The topic of the meeting was "Anti-Semitism on Campus." My father was pretty 
shocked and deeply embarrassed when Exhibit A of this phenomenon turned out to 
be something I'd published in a student newspaper condemning an Israeli raid on 
Lebanon.  
  By then, I was an activist in the anti-apartheid movement in South Africa, 
which was consuming most of my energies. Having been an active left-Zionist in 
my teenage years, I had, however, retained an interest in the Middle East -- 
and, of course, we all knew that Israel was the South African white apartheid 
regime's most important ally, arming its security forces in defiance of a UN 
arms embargo. Even back then, the connection between the circumstances of black 
people under apartheid, and those of Palestinians under occupation in the West 
Bank and Gaza, seemed obvious enough to me and to many other Jews in the South 
African liberation movement: Both were peoples harshly ruled over by a state 
that denied them the rights of citizenship.  

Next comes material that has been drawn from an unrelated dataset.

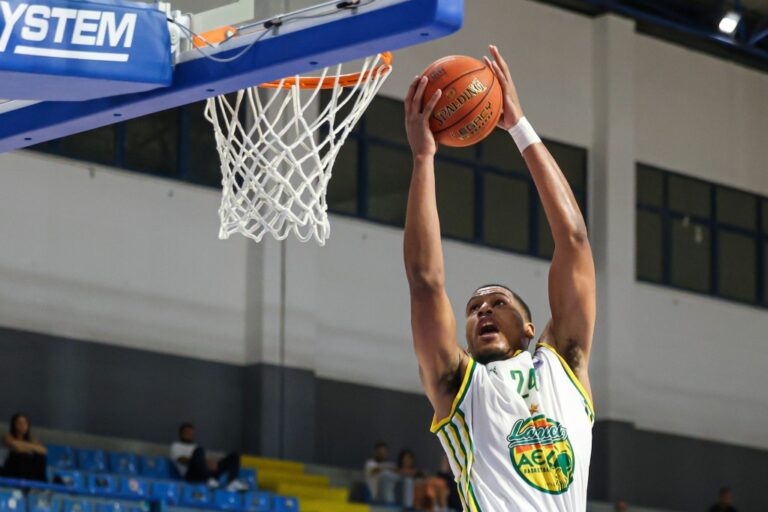 Αήττητη συνεχίζει η Πετρολίνα ΑΕΚ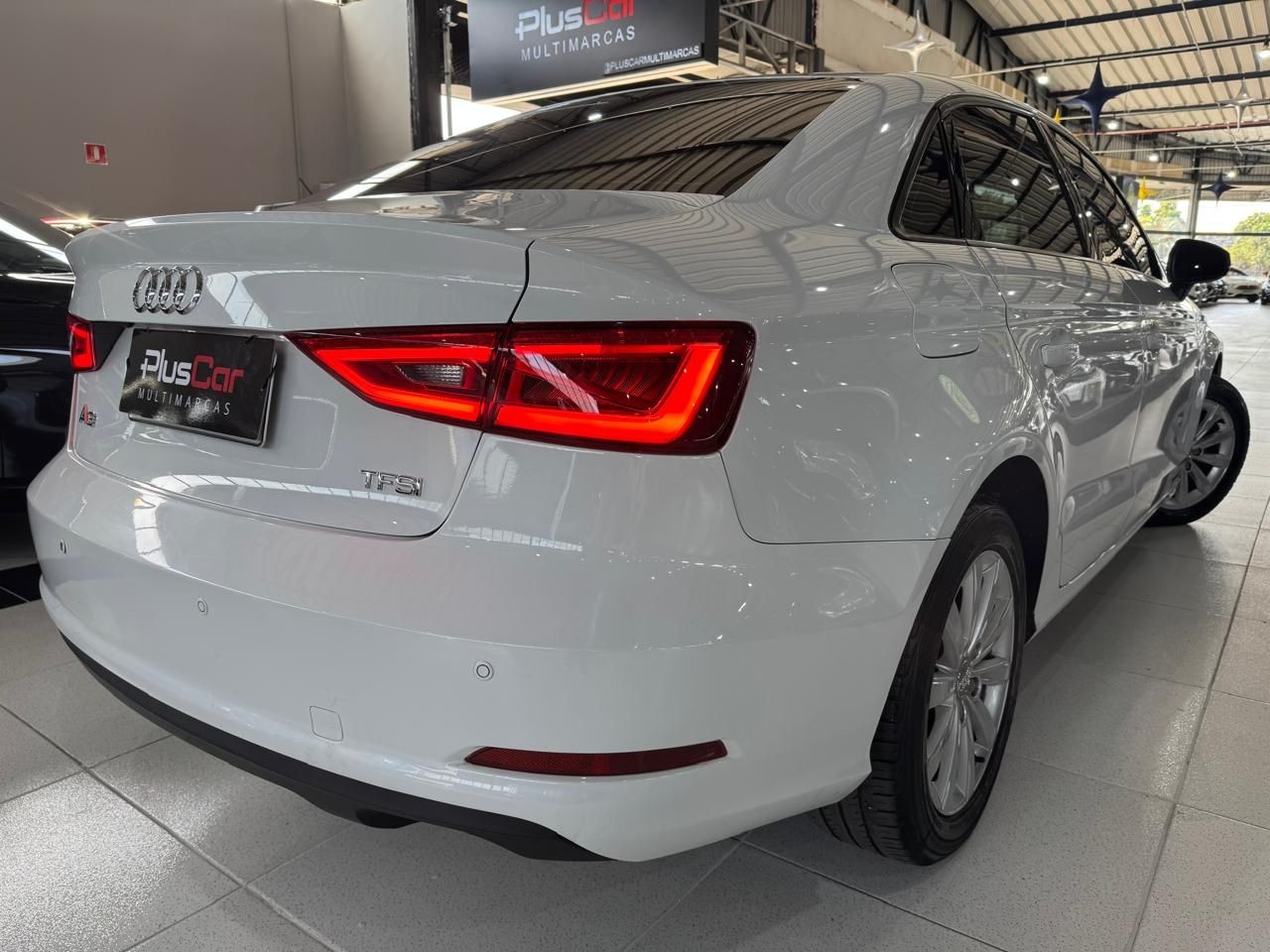 Car Image 4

  Still, this was a first. I could recite the kiddush from memory, sing old 
kibbutznik anthems and curse in Yiddish. I had been called a "bloody Jew" many 
times, but never an anti-Semite or a self-hating Jew. What quickly became clear 
to me, though, was the purpose of that "self-hating" smear -- to marginalize 
Jews who dissent from Zionism, the nationalist ideology of Jewish statehood, in 
order to warn others off expressing similar views.